There were some safety wires. I mean, of course, there had to be. No one would film a commercial that could end up killing the star. However, the split itself was very real.


----------



## HappyGuy (Nov 3, 2008)

Why backwards? Obviously you have never tried to back up a tractor trailer rig - not an easy thing to do.    The drivers of these trucks obviously were VERY skilled, look at how straight the line of travel is.


----------



## 68564 (Mar 17, 2013)

HappyGuy said:


> Why backwards? Obviously you have never tried to back up a tractor trailer rig - not an easy thing to do.  The drivers of these trucks obviously were VERY skilled, look at how straight the line of travel is.


Exactly - that was the point of the stunt - to show off the precision steering of the new trucks.


----------



## Chad Winters (Oct 28, 2008)

He's aged well...


----------



## Atunah (Nov 20, 2008)

He did age very well. I remember watching his movies back in the day and he did some crazy stuff in them too. 

He is like one bundle of concentration and every muscle must be engaged there. 

That commercial is just so well done all around. The light, the music, his face. Everything.


----------



## LBrent (Jul 1, 2013)

I used to love watching him do his famous "floor to crotch" leg splits.


----------



## Atunah (Nov 20, 2008)

I think when I watched it yesterday it had already close to 14 million views. It now has over 18 million.


----------



## balaspa (Dec 27, 2009)

Finding this ad ended up being the most positive thing that happened to me last week. Kind of shows you what my week was like. :-/


----------



## BTackitt (Dec 15, 2008)

Atunah said:


> I think when I watched it yesterday it had already close to 14 million views. It now has over 18 million.


Today it is over 33million.


----------



## LaraAmber (Feb 24, 2009)

balaspa said:


> There were some safety wires. I mean, of course, there had to be. No one would film a commercial that could end up killing the star. However, the split itself was very real.

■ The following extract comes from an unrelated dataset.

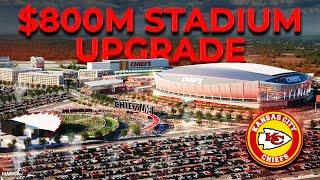 Inside Kansas City Chiefs $800M Stadium Upgrade #kansascitychiefs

Oh they were very upfront in interviews that he was wearing safety equipment that was removed in editing and there were specially built platforms for his feet to give him a stable surface.


----------



## Betsy the Quilter (Oct 27, 2008)

OK, the ad has spawned a lot of spoofs on YouTube. This is one of the best I've seen. Channing Tatum on the set of 22 Jump Street:






This so cracked me up. I've watched it almost as much as I've seen the original. NOTE: If you are at work, you might want to have the sound down. There are some bleeped words at some point, but it's not just the music from the original video.

Betsy


----------



## Atunah (Nov 20, 2008)

Ok, that was funny. But that hair, that hair


----------



## 68564 (Mar 17, 2013)

That is pretty much how it would go for me! LOL!!!


----------



## Betsy the Quilter (Oct 27, 2008)

Atunah said:


> Ok, that was funny. But that hair, that hair


On the other hand, tight, crocked pants. 

Betsy


----------



## BTackitt (Dec 15, 2008)

Betsy the Quilter said:


> On the other hand, tight, crocked pants.
> 
> Betsy


It IS all about the draping of fabric, riiiight Betsy?


----------



## Betsy the Quilter (Oct 27, 2008)

It's all about the fabric.



Betsy


----------



## balaspa (Dec 27, 2009)

Hah! The Channing one is pretty funny. However, he should have been going backwards...just sayin'...accuracy guys.


----------